Estimados lectores, en la gran traducción del día les ofrecemos en español un artículo de Oğul Tuna en Multipolar Press sobre el recientemente fallecido Habermas.
LA CONFIGURACIÓN DEL PRÓXIMO CONFLICTO
Oğul Tuna explica cómo Pekín determina cada vez más el ritmo y el terreno del enfrentamiento global que se avecina, aun cuando Washington sigue poseyendo un poder inmenso.
La reciente reunión en Pekín entre el presidente de Estados Unidos, Donald Trump, y el presidente chino, Xi Jinping, se había esperado con gran expectación como un momento «histórico». El trato frío que Xi dispensó a Trump en octubre de 2025 y el ataque contra Irán en febrero de 2026 habían suscitado dudas sobre si la cumbre llegaría siquiera a celebrarse.
Sin embargo, al final, el presidente estadounidense aterrizó en Pekín el 13 de mayo. Desde la ceremonia de bienvenida, a la que el propio Xi no asistió, hasta las declaraciones que ambos líderes pronunciaron posteriormente, la cumbre se caracterizó por el simbolismo y la retórica.
A fecha de 17 de mayo, resulta difícil estar de acuerdo con los analistas occidentales que describieron la reunión como un caso de «la montaña que dio a luz a un ratón». Sí, la cumbre no produjo ningún avance significativo.
Nunca se esperó que dos potencias enzarzadas en una rivalidad estratégica a largo plazo conciliaran sus intereses en las cuestiones fundamentales en las que chocan de manera radical.

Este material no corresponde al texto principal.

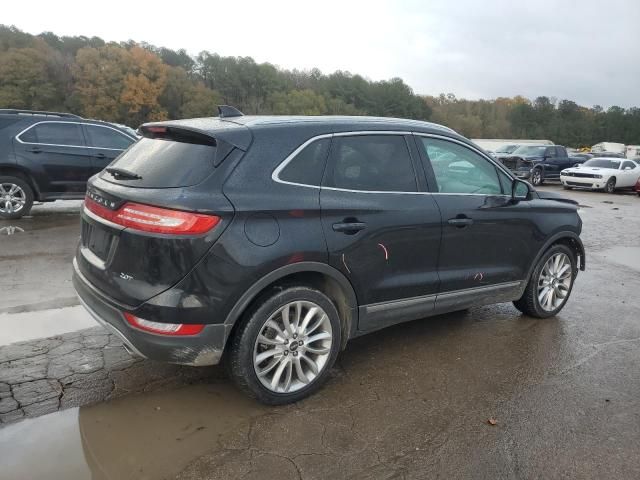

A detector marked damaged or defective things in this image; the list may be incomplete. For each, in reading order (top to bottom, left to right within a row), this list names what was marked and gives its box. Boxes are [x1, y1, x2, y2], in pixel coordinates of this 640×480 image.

cracked bumper [74, 258, 229, 368]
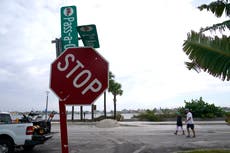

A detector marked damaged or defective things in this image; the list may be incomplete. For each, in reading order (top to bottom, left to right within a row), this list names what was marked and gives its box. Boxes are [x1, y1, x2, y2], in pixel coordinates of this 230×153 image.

bent stop sign [49, 47, 108, 104]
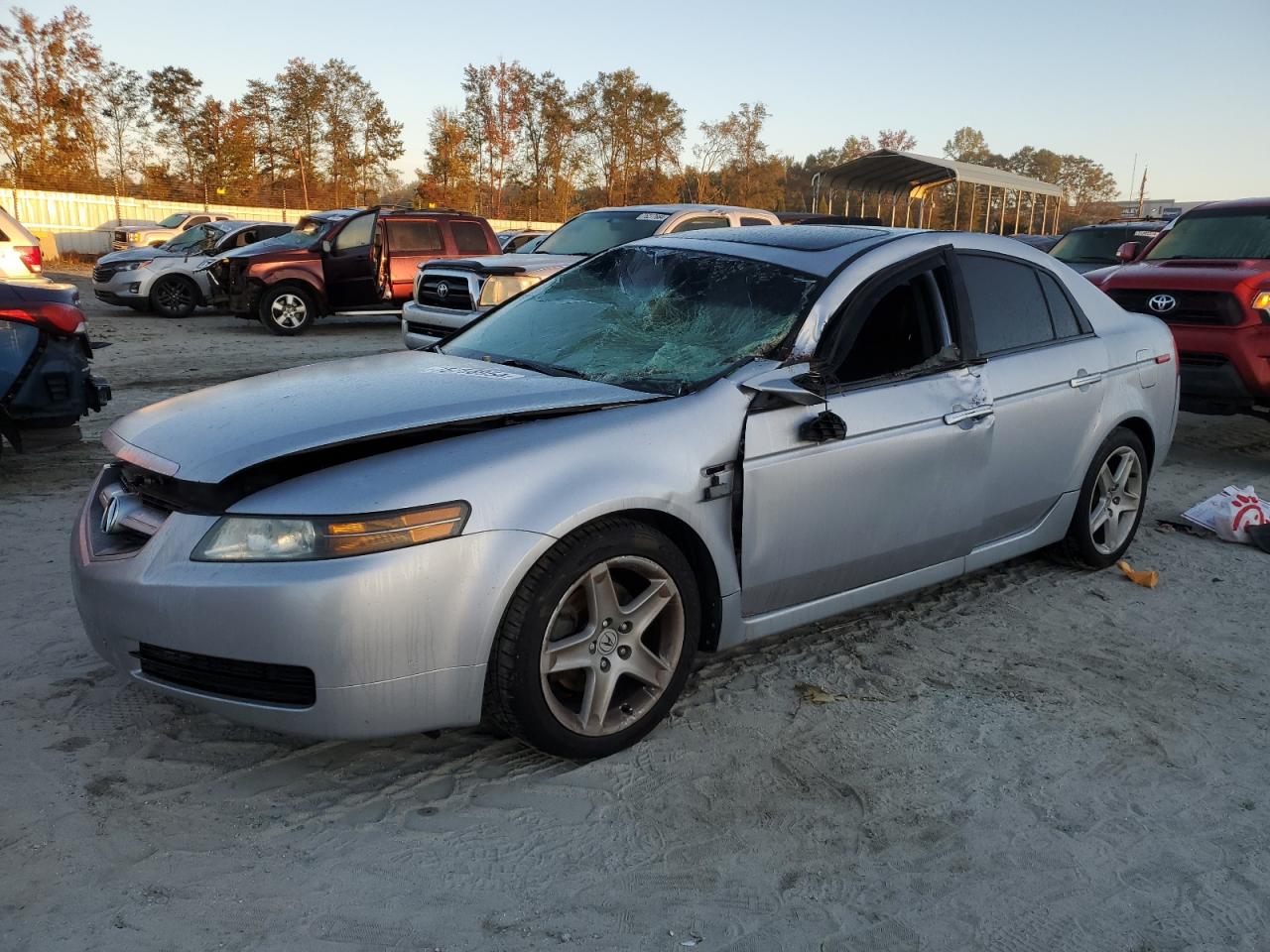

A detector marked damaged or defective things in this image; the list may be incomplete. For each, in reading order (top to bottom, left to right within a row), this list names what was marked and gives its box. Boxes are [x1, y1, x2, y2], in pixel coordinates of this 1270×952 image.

shattered windshield [532, 210, 675, 256]
shattered windshield [441, 247, 818, 397]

Sin embargo, la imagen creada por la postura de ambos líderes —especialmente los mensajes contradictorios de la parte estadounidense— reveló algo completamente distinto: Trump y Xi se asemejan a versiones modernas de Mijaíl Gorbachov y Ronald Reagan, moldeadas por las condiciones políticas y sociales de hoy.
Xi, en particular, marcó el tono de la era venidera con unas declaraciones que recordaban la famosa frase de Reagan: «¡Sr. Gorbachov, derribe este muro!». La potencia hegemónica está agotada, China está configurando las condiciones del enfrentamiento, y la reunión entre los dos líderes supuso menos un avance que un interludio.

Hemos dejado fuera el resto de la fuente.